I think it is fair to say that whilst not terrible, From Empire to Ashes does not live up to the promise of the artwork (check out Alan Lathwell’s work across various albums over the years btw). Whilst it doesn’t reinvent any wheels, there’s enough nods to the likes of Cirith Ungol and The Lord Weird Slough Feg to keep that traditional heavy-metal feel alive through the more the thrashy/speed metal elements of the sound, with the band not afraid to slow the pace right down when required also. It falls down really only on it being just a tad too chaotic at times, not helped by a less than perfect production job that although keeps some cult authenticity to proceedings does just sit on the wrong side of stifling.

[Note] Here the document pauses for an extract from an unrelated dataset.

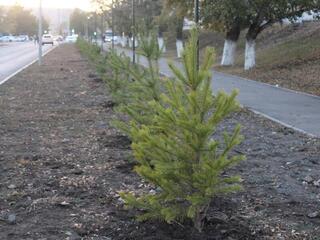 «Таза Қазақстан»: в Карагандинской области открывают скверы и озеленяют улицы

The drums feel particularly disadvantaged in the mix, sat just that bit too far back with the vocals also seeming to be a bit muffled in there also. There’s nothing wrong with the actual performance of either, the blackened sneers of Duncan are perfectly appropriate to the direction of the tracks if I am honest. It is just a shame that all the component parts don’t get to shine in equal amounts really. What the mix/production quality does do however is allow the guitars to really drive things forward. They are competently played by both Derek and Tim with solid riffing and effective lead work both being utilised well when appropriate.
Whilst the EP/min-album won’t get masses of rotation here it will still retain a spot in the music library for the odd spin alongside the likes of Hobb’s Angel of Death, Midnight, Venom as well as the aforementioned Lord Weird Slough Feg also. Neat find via Metal Academy number 77.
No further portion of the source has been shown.